What is needed:
Show all lines of the listing that hold the word "Beige".

Exercise data:
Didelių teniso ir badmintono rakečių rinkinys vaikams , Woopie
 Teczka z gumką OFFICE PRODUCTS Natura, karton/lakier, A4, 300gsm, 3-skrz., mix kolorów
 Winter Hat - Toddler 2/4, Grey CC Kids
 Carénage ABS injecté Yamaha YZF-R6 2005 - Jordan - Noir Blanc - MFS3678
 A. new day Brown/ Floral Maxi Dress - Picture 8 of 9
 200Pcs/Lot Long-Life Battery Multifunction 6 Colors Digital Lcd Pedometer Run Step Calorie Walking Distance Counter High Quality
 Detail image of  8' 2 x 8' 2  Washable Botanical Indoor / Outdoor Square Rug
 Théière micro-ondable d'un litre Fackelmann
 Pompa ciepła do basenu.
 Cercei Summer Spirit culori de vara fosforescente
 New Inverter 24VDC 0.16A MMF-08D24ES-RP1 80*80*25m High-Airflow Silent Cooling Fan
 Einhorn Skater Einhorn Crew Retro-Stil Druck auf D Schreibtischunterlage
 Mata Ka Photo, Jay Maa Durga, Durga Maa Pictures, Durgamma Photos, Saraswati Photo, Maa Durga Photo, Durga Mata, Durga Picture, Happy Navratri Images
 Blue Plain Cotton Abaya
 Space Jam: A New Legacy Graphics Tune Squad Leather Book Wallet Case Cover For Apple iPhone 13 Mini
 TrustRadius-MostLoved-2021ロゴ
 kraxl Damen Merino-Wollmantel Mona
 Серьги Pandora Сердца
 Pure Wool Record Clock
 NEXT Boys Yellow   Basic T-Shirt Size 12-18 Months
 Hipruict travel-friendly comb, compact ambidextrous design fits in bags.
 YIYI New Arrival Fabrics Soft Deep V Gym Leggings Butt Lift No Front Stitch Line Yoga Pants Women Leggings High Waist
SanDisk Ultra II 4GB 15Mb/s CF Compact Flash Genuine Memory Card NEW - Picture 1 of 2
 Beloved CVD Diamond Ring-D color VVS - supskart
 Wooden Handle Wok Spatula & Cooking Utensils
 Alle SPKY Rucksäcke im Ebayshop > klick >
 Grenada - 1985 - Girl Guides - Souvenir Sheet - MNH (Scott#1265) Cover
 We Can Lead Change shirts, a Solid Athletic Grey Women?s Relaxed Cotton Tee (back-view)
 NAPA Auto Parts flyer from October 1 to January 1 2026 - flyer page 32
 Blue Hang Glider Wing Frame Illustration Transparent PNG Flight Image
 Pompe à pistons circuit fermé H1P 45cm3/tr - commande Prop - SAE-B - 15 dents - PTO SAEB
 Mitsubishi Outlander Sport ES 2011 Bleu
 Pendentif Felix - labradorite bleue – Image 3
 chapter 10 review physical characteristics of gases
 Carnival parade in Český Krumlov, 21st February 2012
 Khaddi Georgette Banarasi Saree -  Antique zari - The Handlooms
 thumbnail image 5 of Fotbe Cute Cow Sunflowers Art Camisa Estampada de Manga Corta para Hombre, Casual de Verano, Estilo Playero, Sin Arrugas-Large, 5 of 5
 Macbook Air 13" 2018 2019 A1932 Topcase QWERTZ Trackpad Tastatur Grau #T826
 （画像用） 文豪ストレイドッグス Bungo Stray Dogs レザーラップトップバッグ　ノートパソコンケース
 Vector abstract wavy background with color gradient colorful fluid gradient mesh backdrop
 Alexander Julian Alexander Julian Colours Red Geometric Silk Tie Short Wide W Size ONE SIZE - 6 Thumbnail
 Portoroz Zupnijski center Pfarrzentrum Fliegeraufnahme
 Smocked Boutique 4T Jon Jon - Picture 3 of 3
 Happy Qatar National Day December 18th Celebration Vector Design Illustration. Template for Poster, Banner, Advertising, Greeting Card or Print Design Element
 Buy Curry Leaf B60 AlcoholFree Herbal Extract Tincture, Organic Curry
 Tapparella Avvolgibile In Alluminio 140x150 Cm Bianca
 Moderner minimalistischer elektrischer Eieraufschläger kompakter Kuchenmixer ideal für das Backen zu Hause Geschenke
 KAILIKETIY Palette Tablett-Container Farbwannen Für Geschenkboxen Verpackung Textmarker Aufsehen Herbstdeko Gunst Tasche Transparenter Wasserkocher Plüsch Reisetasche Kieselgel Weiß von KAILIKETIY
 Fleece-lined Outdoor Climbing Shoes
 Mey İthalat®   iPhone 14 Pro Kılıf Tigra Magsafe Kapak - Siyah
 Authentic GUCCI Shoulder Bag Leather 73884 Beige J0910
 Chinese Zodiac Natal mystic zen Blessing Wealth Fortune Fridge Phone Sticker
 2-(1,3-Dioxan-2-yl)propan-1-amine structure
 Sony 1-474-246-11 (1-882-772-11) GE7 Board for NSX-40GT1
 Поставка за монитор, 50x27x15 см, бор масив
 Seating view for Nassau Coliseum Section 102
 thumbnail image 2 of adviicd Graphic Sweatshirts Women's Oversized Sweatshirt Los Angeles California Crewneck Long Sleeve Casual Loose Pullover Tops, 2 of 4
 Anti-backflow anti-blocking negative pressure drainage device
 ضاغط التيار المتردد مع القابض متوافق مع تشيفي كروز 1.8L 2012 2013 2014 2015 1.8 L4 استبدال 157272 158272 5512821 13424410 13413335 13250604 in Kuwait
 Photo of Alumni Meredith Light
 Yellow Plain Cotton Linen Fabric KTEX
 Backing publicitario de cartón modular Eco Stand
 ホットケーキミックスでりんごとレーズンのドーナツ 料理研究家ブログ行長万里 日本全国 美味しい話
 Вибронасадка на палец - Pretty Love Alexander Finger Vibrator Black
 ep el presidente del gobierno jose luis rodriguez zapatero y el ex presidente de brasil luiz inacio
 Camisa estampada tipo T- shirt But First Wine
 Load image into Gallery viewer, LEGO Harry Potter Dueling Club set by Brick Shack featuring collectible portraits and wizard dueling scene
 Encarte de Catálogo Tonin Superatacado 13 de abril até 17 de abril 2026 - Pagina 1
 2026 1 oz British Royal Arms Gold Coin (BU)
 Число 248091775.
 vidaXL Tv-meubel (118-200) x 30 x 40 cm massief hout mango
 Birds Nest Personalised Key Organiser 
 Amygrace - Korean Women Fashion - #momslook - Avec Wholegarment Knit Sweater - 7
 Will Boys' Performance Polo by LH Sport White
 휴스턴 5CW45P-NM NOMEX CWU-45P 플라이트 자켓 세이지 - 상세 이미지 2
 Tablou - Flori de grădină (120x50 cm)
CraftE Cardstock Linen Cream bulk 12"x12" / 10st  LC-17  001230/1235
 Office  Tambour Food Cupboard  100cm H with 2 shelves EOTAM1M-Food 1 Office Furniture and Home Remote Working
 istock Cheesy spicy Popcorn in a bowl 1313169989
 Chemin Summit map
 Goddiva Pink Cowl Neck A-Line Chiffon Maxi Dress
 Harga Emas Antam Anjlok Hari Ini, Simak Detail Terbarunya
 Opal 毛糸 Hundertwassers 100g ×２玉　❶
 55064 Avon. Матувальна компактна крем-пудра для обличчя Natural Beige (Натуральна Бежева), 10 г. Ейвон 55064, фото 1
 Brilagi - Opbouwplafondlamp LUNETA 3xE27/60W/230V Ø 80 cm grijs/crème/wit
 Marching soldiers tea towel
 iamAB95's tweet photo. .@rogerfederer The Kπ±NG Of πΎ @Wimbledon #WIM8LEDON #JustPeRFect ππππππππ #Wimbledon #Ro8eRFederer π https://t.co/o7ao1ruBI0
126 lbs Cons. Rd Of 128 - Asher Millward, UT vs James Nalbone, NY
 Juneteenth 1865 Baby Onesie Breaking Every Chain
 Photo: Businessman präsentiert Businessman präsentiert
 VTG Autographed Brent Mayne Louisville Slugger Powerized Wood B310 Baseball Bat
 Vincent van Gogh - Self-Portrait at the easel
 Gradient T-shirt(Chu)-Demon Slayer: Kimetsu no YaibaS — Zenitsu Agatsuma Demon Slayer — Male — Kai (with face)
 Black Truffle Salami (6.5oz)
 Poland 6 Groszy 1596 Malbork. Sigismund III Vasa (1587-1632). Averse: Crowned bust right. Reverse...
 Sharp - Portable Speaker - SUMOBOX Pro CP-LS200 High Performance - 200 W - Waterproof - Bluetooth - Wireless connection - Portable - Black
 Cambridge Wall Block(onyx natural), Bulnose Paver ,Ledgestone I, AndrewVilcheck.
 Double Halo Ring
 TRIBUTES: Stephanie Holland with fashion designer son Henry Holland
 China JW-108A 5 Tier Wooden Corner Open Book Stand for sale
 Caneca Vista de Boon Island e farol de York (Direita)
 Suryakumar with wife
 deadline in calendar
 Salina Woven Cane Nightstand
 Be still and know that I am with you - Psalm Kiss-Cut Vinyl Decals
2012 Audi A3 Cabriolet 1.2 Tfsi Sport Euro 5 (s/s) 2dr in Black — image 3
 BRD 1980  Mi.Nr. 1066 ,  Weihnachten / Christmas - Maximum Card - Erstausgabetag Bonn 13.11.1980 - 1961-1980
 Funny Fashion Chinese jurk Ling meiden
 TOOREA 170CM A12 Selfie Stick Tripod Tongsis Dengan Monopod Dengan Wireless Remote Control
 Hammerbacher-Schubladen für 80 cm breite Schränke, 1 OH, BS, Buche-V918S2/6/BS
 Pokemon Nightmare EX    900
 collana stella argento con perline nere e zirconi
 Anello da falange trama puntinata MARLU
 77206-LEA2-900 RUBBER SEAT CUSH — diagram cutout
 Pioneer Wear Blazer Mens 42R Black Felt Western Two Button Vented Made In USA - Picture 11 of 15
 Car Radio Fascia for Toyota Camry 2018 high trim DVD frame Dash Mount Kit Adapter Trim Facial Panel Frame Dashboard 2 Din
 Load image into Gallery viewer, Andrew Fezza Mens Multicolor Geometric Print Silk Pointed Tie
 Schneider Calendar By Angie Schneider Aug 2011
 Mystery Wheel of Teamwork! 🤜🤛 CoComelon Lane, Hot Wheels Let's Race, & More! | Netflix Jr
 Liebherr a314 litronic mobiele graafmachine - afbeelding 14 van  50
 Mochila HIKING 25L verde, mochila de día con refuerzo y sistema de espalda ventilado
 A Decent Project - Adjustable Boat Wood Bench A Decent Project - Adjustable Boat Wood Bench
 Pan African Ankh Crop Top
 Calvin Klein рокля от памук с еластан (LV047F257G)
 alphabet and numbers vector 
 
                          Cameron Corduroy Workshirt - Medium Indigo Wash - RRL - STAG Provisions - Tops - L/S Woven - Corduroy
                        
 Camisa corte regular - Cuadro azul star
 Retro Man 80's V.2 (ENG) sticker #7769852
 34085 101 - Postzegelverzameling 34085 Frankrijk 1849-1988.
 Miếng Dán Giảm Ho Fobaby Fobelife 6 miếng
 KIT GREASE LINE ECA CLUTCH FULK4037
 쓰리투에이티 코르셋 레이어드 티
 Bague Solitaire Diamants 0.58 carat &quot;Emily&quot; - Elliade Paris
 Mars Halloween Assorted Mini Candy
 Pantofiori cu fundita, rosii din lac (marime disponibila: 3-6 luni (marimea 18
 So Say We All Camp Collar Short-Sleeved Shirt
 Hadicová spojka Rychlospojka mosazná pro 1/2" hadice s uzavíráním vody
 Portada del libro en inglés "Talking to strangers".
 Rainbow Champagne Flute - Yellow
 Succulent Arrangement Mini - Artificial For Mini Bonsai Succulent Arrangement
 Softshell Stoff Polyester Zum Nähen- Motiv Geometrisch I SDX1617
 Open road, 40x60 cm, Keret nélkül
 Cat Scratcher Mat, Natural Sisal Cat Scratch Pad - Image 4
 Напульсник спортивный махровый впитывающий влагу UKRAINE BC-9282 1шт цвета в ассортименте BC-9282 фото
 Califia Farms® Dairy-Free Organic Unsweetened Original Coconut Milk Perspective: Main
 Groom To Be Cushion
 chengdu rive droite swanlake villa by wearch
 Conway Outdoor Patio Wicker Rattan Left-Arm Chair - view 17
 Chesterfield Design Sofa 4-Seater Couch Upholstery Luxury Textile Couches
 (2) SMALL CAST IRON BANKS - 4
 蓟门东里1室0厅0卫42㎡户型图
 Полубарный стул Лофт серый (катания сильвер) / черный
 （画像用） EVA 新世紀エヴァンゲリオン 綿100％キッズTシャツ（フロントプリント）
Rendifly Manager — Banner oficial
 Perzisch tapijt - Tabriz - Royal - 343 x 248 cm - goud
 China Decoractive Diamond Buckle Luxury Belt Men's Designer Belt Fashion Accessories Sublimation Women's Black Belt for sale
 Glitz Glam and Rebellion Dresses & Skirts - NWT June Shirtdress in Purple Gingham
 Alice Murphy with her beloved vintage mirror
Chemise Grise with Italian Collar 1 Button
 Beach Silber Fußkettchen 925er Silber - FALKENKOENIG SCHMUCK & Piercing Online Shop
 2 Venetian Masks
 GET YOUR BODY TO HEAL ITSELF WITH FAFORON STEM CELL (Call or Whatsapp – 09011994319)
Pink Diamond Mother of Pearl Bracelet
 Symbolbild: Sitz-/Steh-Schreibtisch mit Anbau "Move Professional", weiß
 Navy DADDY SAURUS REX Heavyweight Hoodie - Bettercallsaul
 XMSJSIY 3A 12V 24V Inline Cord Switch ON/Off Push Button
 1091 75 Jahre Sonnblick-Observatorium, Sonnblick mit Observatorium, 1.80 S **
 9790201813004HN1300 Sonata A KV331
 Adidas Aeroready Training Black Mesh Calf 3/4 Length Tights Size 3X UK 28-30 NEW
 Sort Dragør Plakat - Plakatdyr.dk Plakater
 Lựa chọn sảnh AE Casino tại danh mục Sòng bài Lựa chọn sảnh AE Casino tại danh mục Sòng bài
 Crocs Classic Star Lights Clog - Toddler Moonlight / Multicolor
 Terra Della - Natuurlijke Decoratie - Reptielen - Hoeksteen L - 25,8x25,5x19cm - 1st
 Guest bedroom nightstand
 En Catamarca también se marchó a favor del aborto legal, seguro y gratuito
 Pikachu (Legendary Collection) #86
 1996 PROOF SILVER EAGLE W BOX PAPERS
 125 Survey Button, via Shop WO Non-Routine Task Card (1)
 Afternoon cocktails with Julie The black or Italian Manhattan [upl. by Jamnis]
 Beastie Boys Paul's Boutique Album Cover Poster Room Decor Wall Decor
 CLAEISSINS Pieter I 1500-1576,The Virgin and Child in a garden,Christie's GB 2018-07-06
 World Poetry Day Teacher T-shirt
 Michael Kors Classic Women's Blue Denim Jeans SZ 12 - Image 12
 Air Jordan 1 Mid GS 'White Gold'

Output below:
 Authentic GUCCI Shoulder Bag Leather 73884 Beige J0910
 55064 Avon. Матувальна компактна крем-пудра для обличчя Natural Beige (Натуральна Бежева), 10 г. Ейвон 55064, фото 1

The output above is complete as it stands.